• _EXERCISE BRIEF_: A word-for-word copy of the data, with no images, is the required answer.

-- EXTRACTED MATERIAL follows --

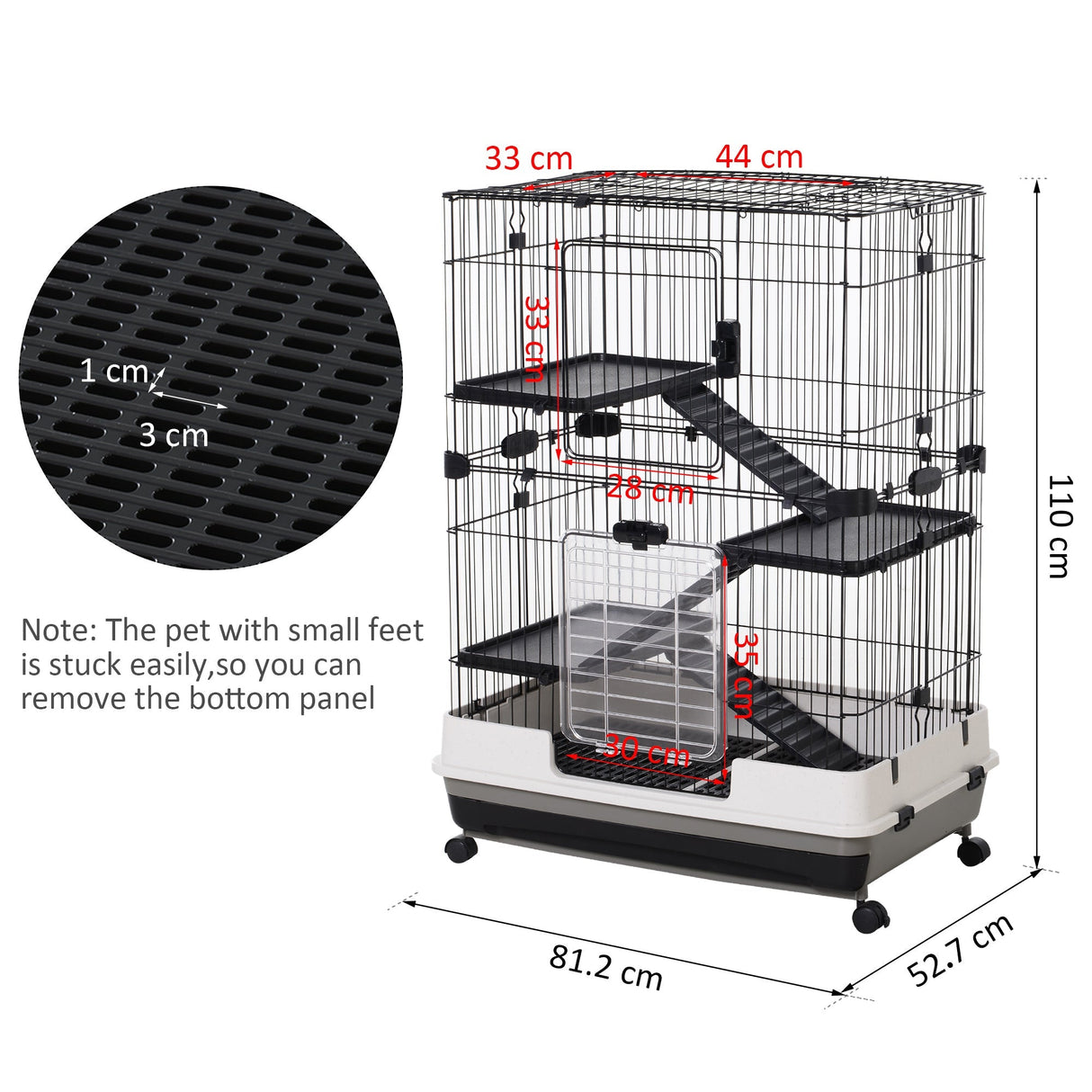 Four-Tier Cage, for Ferrets, Chinchillas with Wheels, PawHut, Black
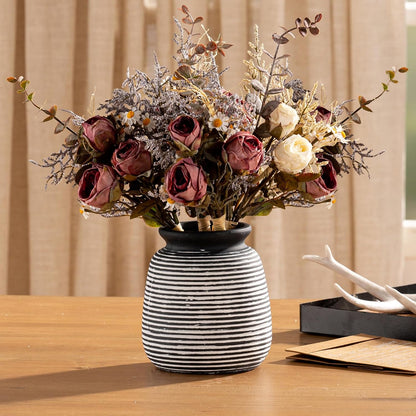 Ceramic Flower Vase, Small Rustic Farmhouse Vases Home Decor, Short Pottery Decorative Pampas Vase for Table Living Room Entryway Mantel Bookshelf Bedroom Bathroom Kitchen - 6" W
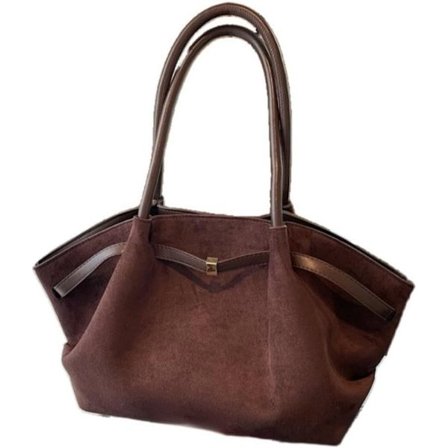 ING Semsket veske, skulderveske/håndveske for kvinner, romslig handleveske, kaffefarge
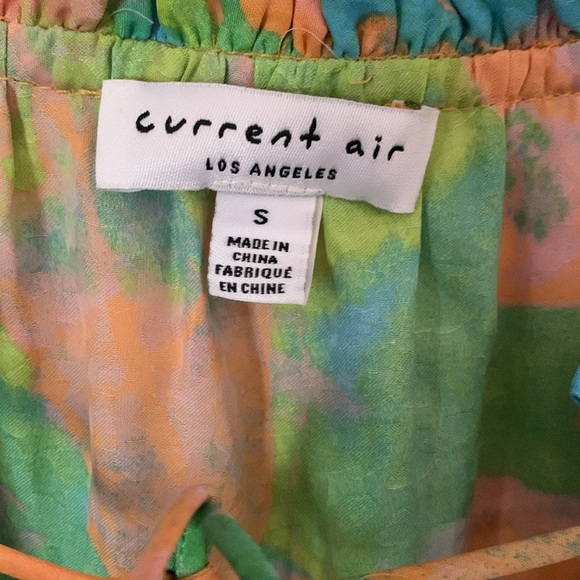 Women’s Current Air Margot Top Blouse Fluttering Sleeve Multicolored V-Neck Sz S - Picture 2 of 8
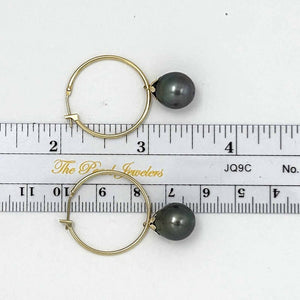 Classic Tahitian Pearl Hoop Earrings – 14k Yellow Gold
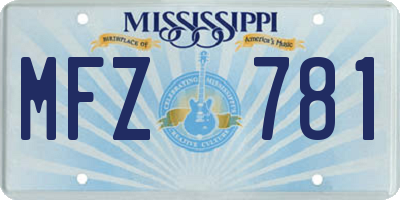 MS license plate MFZ781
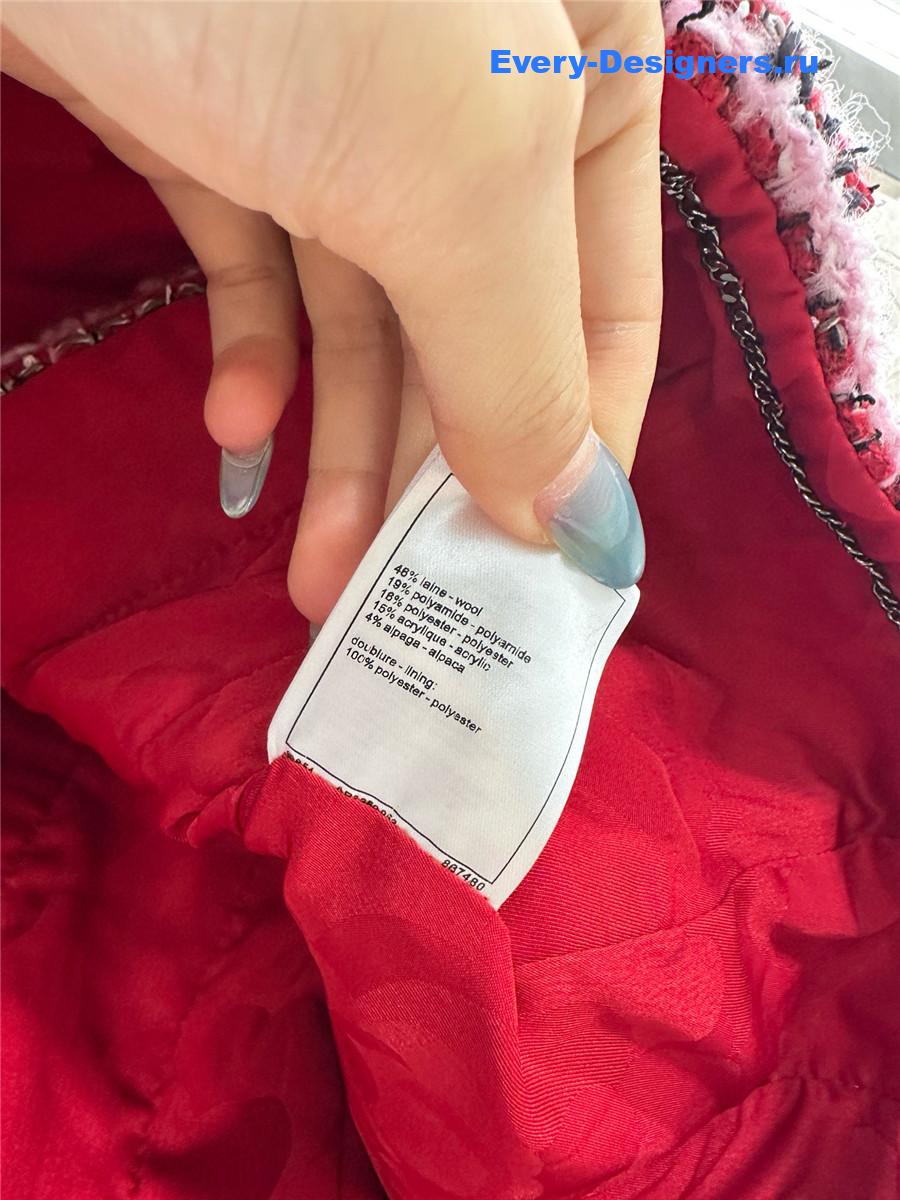 Ch**el round neck woven skirt suit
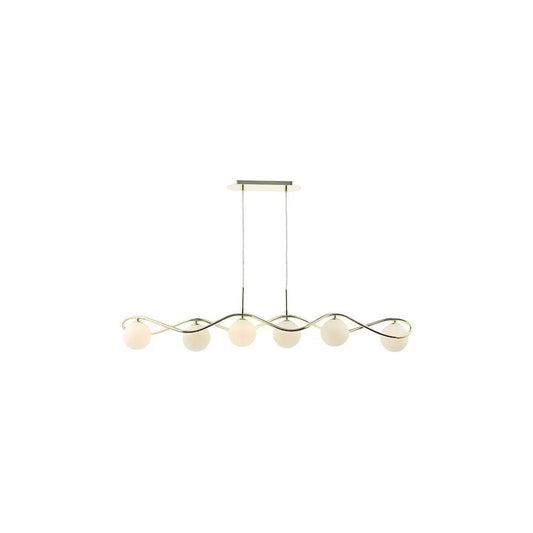 dar lighting Där Lighting Group, LYS6235 Lysandra 6 Light Bar Pendant Polished Gold and Opal Glass - dar lighting Där Lighting Group, LYS6235 Lysandra 6 Light Bar Pendant Polished Gold and Opal Glass
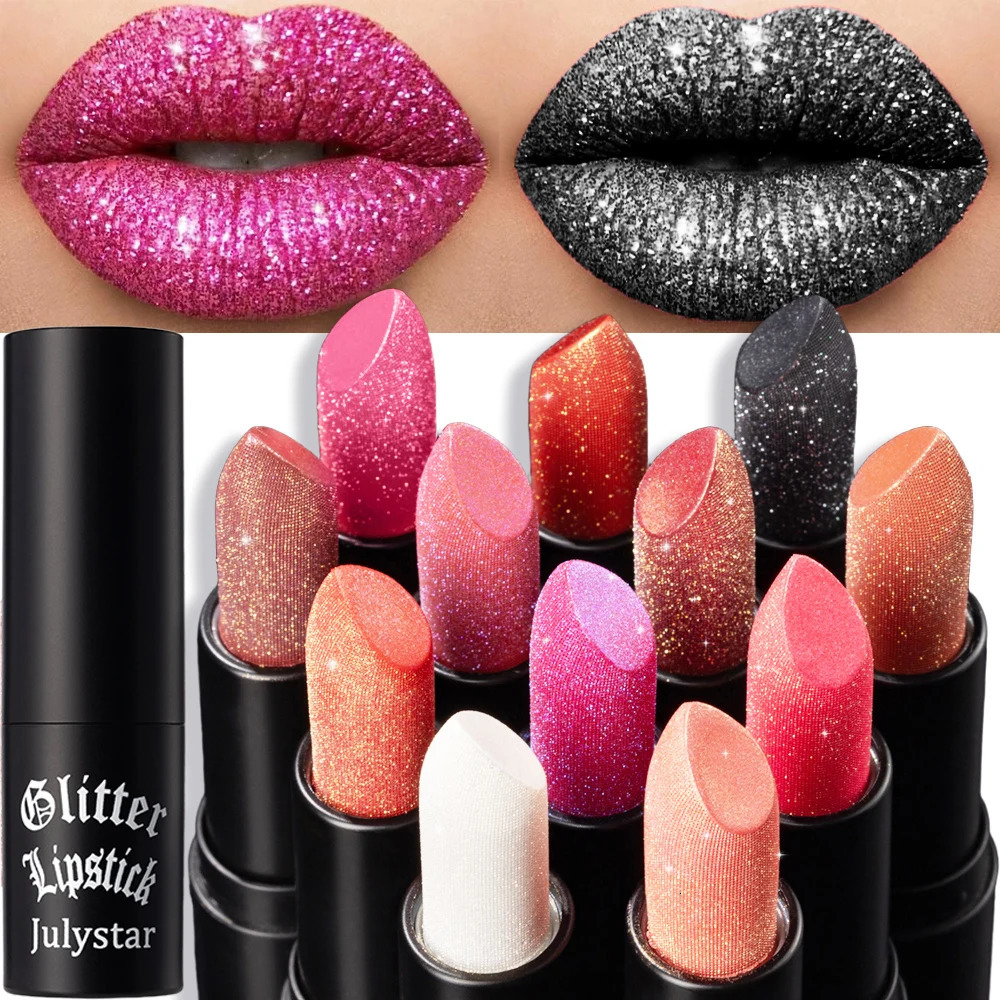 12-Colors Shimmer Lipstick Long-Lasting Waterproof For Halloween Cosmetic Sparkly Pearl Glossy Smooth Non- Lip Radiant 250614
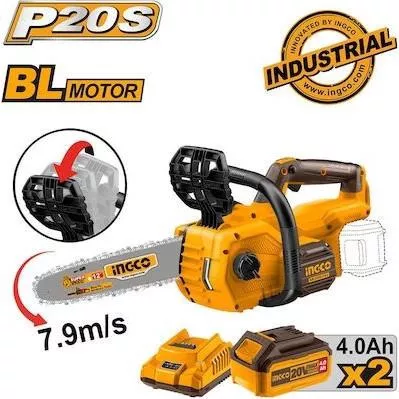 Ingco Li-ion Αλυσοπρίονο Μπαταρίας 2x4Ah Brushless 20V 6.5kg με Λάμα 30cm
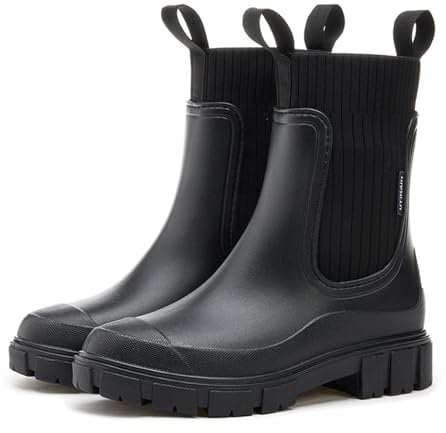 MIEHUIAI Stivali di Gomma Donna Stivali Pioggia Impermeabili Chelsea Ankle Boots Moda Rain Boots Outdoor Antiscivolo Stivali da Giardino(Nero,39 EU)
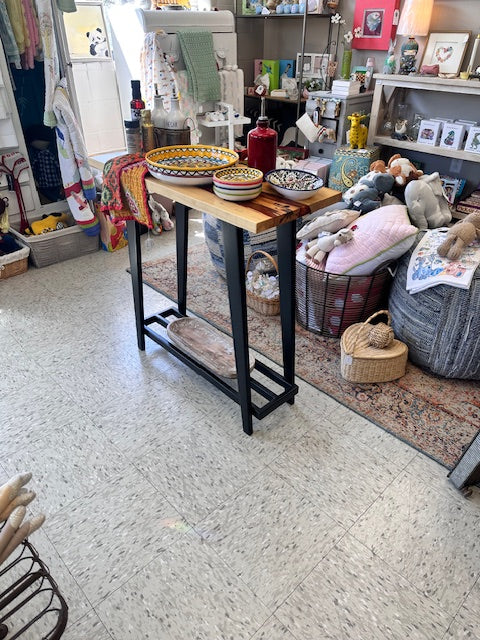 HAND-MADE WOOD & RESIN TABLES - BOX ELDER (MAPLE) WITH BLACK IRON BASE - ASSORTED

-- EXTRACTED MATERIAL concluded --

• _RESPONSE TO THE TASK_:
 Four-Tier Cage, for Ferrets, Chinchillas with Wheels, PawHut, Black
 Ceramic Flower Vase, Small Rustic Farmhouse Vases Home Decor, Short Pottery Decorative Pampas Vase for Table Living Room Entryway Mantel Bookshelf Bedroom Bathroom Kitchen - 6" W
 ING Semsket veske, skulderveske/håndveske for kvinner, romslig handleveske, kaffefarge
 Women’s Current Air Margot Top Blouse Fluttering Sleeve Multicolored V-Neck Sz S - Picture 2 of 8
 Classic Tahitian Pearl Hoop Earrings – 14k Yellow Gold
 MS license plate MFZ781
 Ch**el round neck woven skirt suit
 dar lighting Där Lighting Group, LYS6235 Lysandra 6 Light Bar Pendant Polished Gold and Opal Glass - dar lighting Där Lighting Group, LYS6235 Lysandra 6 Light Bar Pendant Polished Gold and Opal Glass
 12-Colors Shimmer Lipstick Long-Lasting Waterproof For Halloween Cosmetic Sparkly Pearl Glossy Smooth Non- Lip Radiant 250614
 Ingco Li-ion Αλυσοπρίονο Μπαταρίας 2x4Ah Brushless 20V 6.5kg με Λάμα 30cm
 MIEHUIAI Stivali di Gomma Donna Stivali Pioggia Impermeabili Chelsea Ankle Boots Moda Rain Boots Outdoor Antiscivolo Stivali da Giardino(Nero,39 EU)
 HAND-MADE WOOD & RESIN TABLES - BOX ELDER (MAPLE) WITH BLACK IRON BASE - ASSORTED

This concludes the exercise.